Mais: tanto Terra quanto o psiquiatra Laranjeira projetam
crescimento do mercado ilegal pela simples premissa de que o traficante
cobraria menos pela maconha, em relação a quem paga imposto e vende com nota
fiscal. Também questionam como seria fiscalização, inclusive das plantações
caseiras. Em resumo: nasceria o descontrole.
- Não estamos falando de uma plantinha, mas de dinheiro, poder.

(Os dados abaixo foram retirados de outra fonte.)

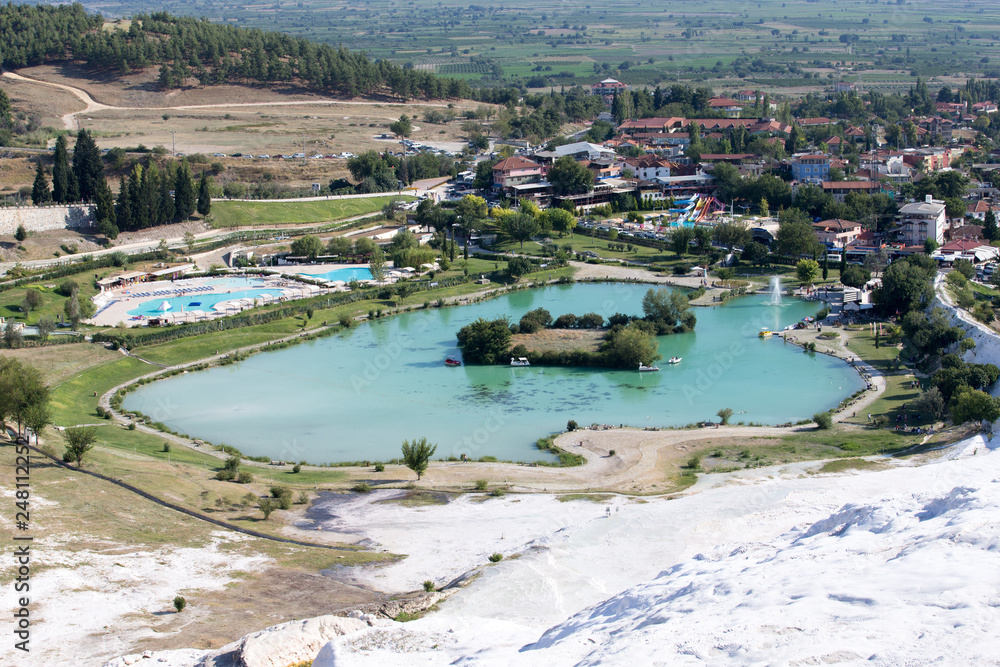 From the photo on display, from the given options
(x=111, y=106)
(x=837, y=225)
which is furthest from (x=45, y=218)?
(x=837, y=225)

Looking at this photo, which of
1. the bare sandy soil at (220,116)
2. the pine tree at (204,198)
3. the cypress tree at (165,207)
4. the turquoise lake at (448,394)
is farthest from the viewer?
the bare sandy soil at (220,116)

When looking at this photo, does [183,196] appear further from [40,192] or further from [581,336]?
[581,336]

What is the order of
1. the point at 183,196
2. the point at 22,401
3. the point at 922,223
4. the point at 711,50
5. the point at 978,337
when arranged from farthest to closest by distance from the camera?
the point at 711,50, the point at 183,196, the point at 922,223, the point at 978,337, the point at 22,401

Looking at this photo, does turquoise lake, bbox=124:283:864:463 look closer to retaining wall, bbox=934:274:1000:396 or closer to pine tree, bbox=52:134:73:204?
retaining wall, bbox=934:274:1000:396

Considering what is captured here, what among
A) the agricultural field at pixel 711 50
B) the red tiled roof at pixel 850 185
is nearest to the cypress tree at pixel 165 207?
the red tiled roof at pixel 850 185

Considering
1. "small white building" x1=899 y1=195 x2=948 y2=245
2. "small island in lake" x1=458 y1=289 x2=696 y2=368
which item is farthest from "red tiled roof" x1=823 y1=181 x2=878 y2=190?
"small island in lake" x1=458 y1=289 x2=696 y2=368

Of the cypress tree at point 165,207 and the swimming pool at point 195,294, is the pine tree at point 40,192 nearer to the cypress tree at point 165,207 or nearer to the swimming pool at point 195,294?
the cypress tree at point 165,207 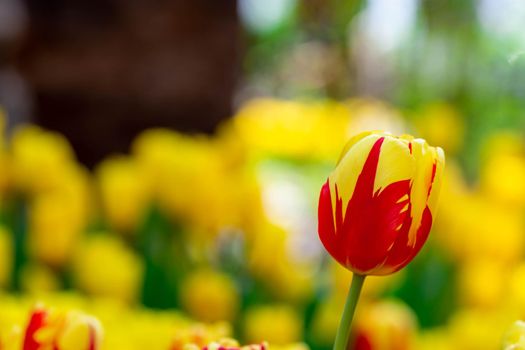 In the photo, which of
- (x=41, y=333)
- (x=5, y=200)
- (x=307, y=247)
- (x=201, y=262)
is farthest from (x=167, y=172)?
(x=307, y=247)

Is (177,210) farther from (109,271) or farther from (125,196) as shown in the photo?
(109,271)

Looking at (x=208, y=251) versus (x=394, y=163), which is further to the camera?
(x=208, y=251)

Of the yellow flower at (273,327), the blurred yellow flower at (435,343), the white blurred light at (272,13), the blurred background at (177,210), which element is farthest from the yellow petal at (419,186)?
the white blurred light at (272,13)

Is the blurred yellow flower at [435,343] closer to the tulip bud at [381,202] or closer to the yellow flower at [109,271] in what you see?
the yellow flower at [109,271]

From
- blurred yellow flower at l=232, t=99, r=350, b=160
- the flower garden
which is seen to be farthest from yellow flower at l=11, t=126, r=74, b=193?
blurred yellow flower at l=232, t=99, r=350, b=160

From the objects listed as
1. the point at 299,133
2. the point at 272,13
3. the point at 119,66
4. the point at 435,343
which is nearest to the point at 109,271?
the point at 435,343

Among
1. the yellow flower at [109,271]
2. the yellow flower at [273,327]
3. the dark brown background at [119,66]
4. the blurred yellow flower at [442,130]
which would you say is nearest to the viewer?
the yellow flower at [273,327]

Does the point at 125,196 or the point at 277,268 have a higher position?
the point at 125,196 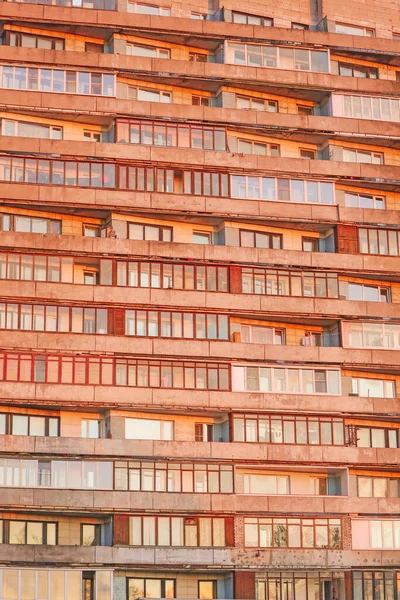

O Brasil tem clima para plantar maconha até no meu apartamento - afirma a
psiquiatra Ana Marques.
O psiquiatra gaúcho Sérgio de Paula Ramos, consultor da Abead,
palestrou há três semanas no Congresso uruguaio. E garantiu: a liberação do
consumo de maconha vai fortalecer o narcotráfico. Ele ressaltou que não se
trata de "achismo", mas de estatística: em Portugal, que há 12 anos
liberou o porte da marijuana, o consumo dessa erva dobrou. E o de outras drogas
passou de 7% da população para 12%, ressalta Ramos. Outros países que tinham
adotado legislação liberal, como a Inglaterra, voltaram atrás e agora proíbem o
consumo da maconha, diz o médico.
- Me parece que o capitalismo selvagem vê o Uruguai como um
grande laboratório para negócios. Uma porta para venda legalizada de drogas.
Esses são os fatos, o resto é poesia - conclui Sérgio de Paula Ramos.